The difference in the films is that I used the 14-year-old Dalai Lama as the Dalai Lama and Harrer as Harrer. In addition, all of the temples, thousands of Buddhist monks and the actual Potala were my backdrops--all without Central Casting or a budget.
My film, made in 1949, is a short documentary made during a trip to Lhasa. The plan, a “Mission: Impossible” initiated by Harrer and my boss, Claire Chennault, was an attempt to fly the Dalai Lama out of China before the communists reached the holy city. The problem was that we had to get to Lhasa, build a light-plane runway, fly in and take the principal parties out of Lhasa without the communists’ knowledge.

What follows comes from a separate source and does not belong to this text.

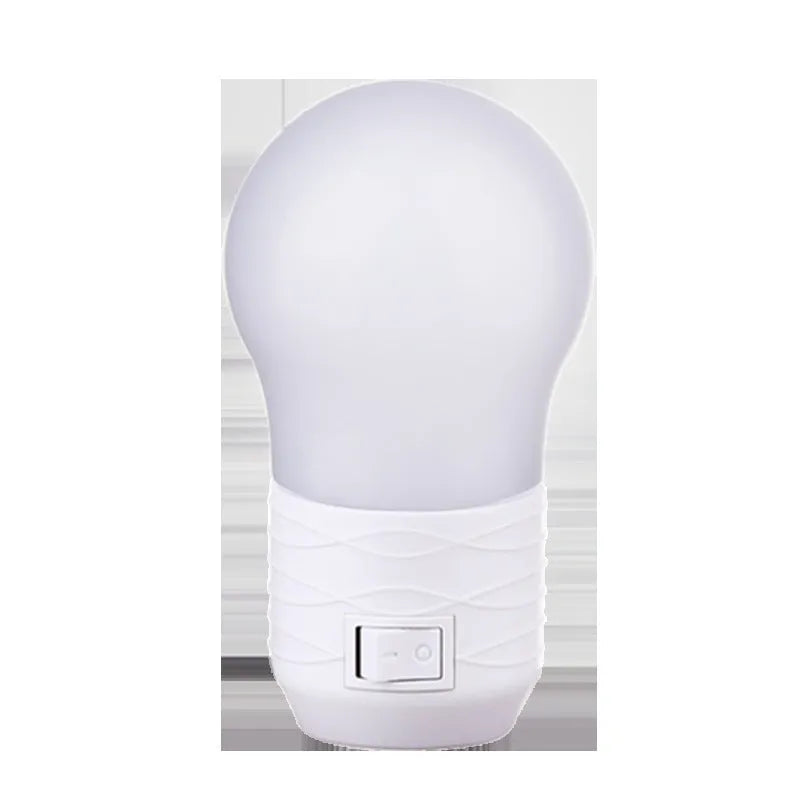 Plug-in bedside baby night feeding lamp in round modern design measuring 45x90x45mm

Instead of taking the monthlong trip by camel from China to Lhasa, we put a jeep in a C-46 cargo plane along with many drums of gasoline for the aircraft and the jeep. The aircraft was flown to an abandoned Chinese Nationalist Air Force strip at the base of the mountains, and then we drove the jeep, a first, to Lhasa.
The Dalai Lama carved an airport out of his mountaintop city in two weeks, using thousands of laborers. We then attempted to fly-in a Cessna 190, which had a 300-horsepower high-altitude engine, but it was shot down before it reached Tibet and we were told by the communists to stay out of Tibet. The Dalai Lama did not leave Lhasa until 10 years later.
I have shown the film, now enhanced and on tape, to the Dalai Lama, and I would like to show it to director Jean-Jacques Annaud and his star Brad Pitt, and to “Kundun” director Martin Scorsese. They should see the principals and the area that they are trying to duplicate, as 90% of Lhasa’s holy areas have been destroyed by the communists.